Sabol died Monday at his home in Scottsdale, Arizona, the NFL said.

Sabol was inducted into the Pro Football Hall of Fame in 2011. During his tenure at NFL Films from 1964-1995, the organization won 52 Emmy Awards.

Working with his son, Steve, Sabol introduced a series of innovations taken for granted today: super slow-motion replays, blooper reels, reverse angle shots. They stuck microphones on coaches and players, set highlights to pop music and recorded pregame locker room speeches.

And one of their most important decisions was hiring John Facenda to narrate all this.

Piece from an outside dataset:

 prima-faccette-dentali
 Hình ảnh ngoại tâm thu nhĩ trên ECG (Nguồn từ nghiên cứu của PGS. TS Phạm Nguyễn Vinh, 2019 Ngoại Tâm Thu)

He became known as the "Voice of God," reading lyrical descriptions in solemn tones.

"We began making the game personal for the fans, like a Hollywood movie," Sabol told The Associated Press before his Hall of Fame induction. "Violent tackles, the long slow spiral of the ball, following alongside the players as they sidestepped and sprinted down the field. The movie camera was the perfect medium at the time to present the game the way the fans wanted to see it."

A star swimmer at Ohio State who had a brief stage career, Sabol was in the overcoat business with his father-in-law in Philadelphia before he formed Blair Productions, a film company named after his daughter. He described himself as a longtime "amateur moviemaker," whose only experience producing sports was recording the action at Steve's high school football games.

Then he won the rights to chronicle the 1962 NFL championship, changing the course of his film career and - very possibly - the league's fortunes.

When Ed Sabol founded NFL Films, his son was there working beside him as a cinematographer right from the start. The two were honored with the Lifetime Achievement Emmy from the National Academy of Television Arts and Sciences in 2003.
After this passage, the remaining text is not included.